The Archbishop of Mumbai, cardinal Oswald Gracias, spoke against the controversial Citizenship Amendment Act (CAA) calling the law "a cause of great anxiety for all citizens."
Cardinal Gracias told Crux that "There is a danger that there could be a polarization of our people along religious lines. [This] is very harmful for the country. It is the responsibility of all to promote solidarity and respect for all in our country."
The CAA passed by the parliament of India On December 12 provides citizenship for Hindu, Sikh, Jain, Buddhist, Christian and Parsi refugees from Afghanistan, Pakistan and Bangladesh.
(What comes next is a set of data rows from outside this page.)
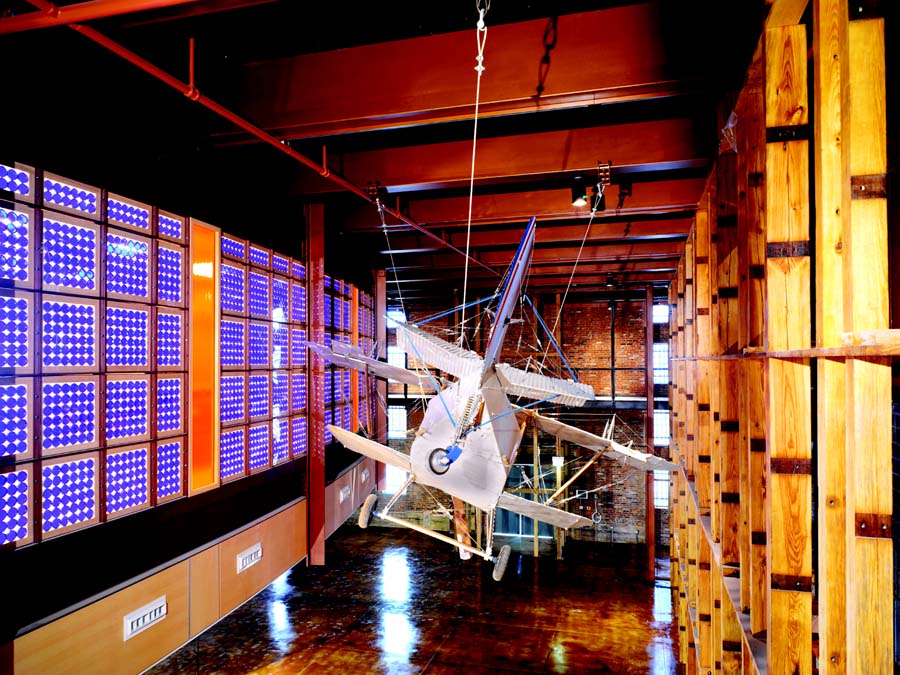 Building with wood and brick interior and glass wall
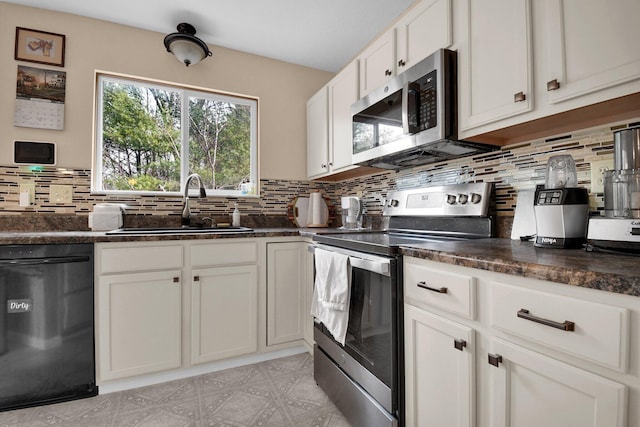 kitchen featuring tasteful backsplash, stainless steel appliances, sink, and white cabinets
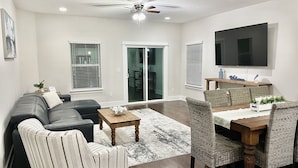 A living room with a sofa, chairs, a coffee table, and a dining area with a table and chairs. - Relax Near Beach, Shops, Parks, Mayo Clinic, Quick Drive to Downtown & Stadium (Jacksonville Beach)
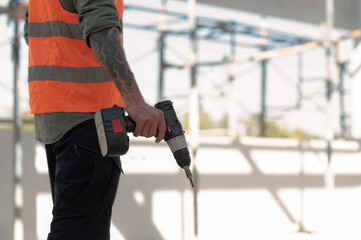 Technician holding a drill stand at a construction site.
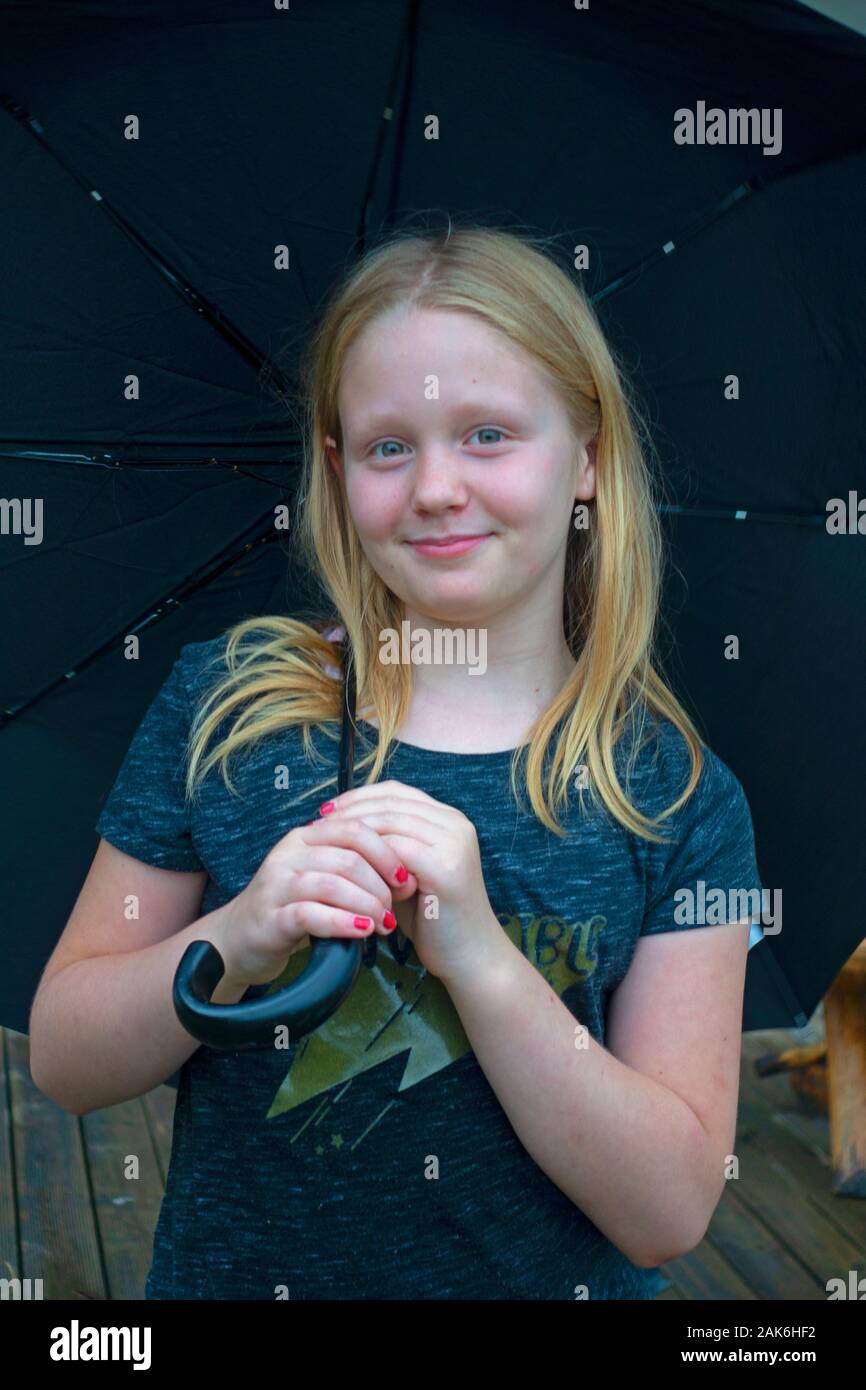 Charming young girl age 11 holding an umbrella. Zawady Gmina Rzeczyca Poland Stock Photo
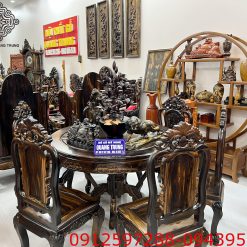 bàn ăn tròn gỗ mun hoa Lào ghế hồng hạc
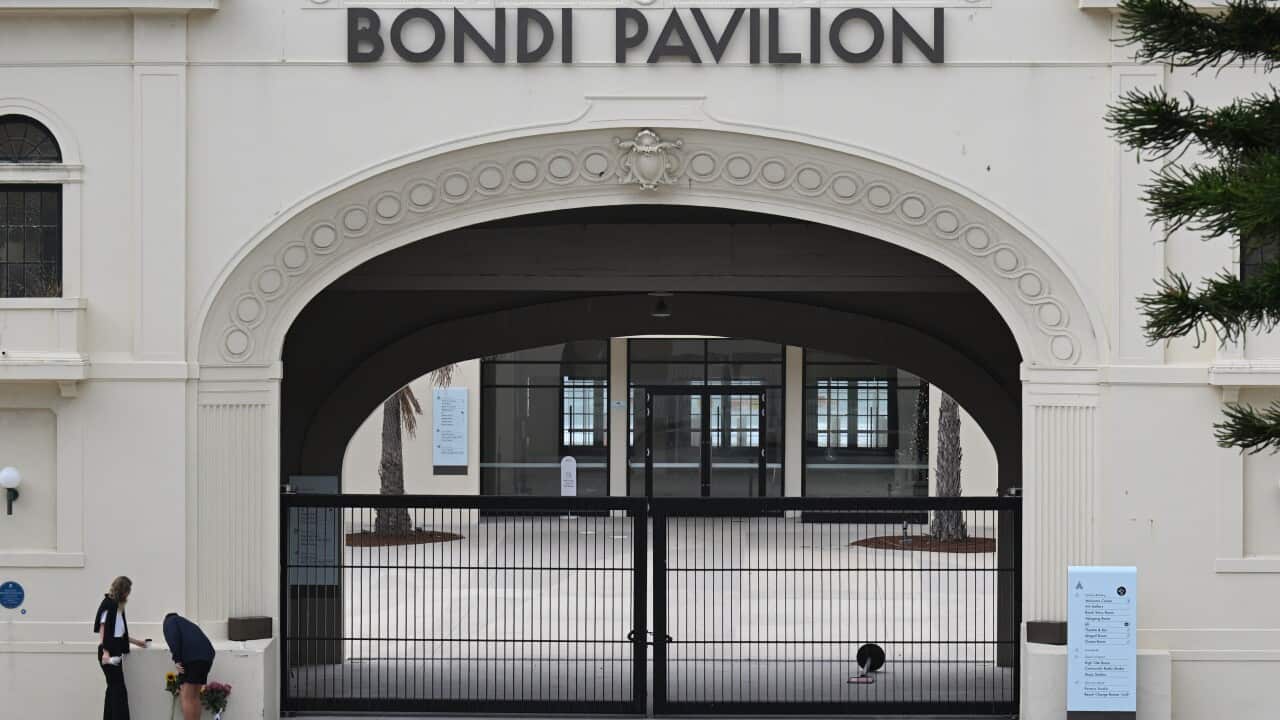 Two pepole lay flowers outside a building marked “Bondi Pavilion“.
However, the law intentionally omits Muslims from the illegal immigrants list.
Several protests erupted across the country after the new law passed and the citizens feel the law is damaging the secular and pluralistic heritage of India.
So far, at least 21 people have been killed in clashes with police while challenging the Modi government to revoke the law.
Many claim that religious intolerance and persecution against religious minorities in the country has soared after the BJP government came to power in 2014.
Incidents of violence against Christians in the country has more than doubled under the pro-Hindu government.
According to ADF India, in 2019 alone, 300 incidents of mob attacks against Christians were reported of which only 40 were prosecuted by police.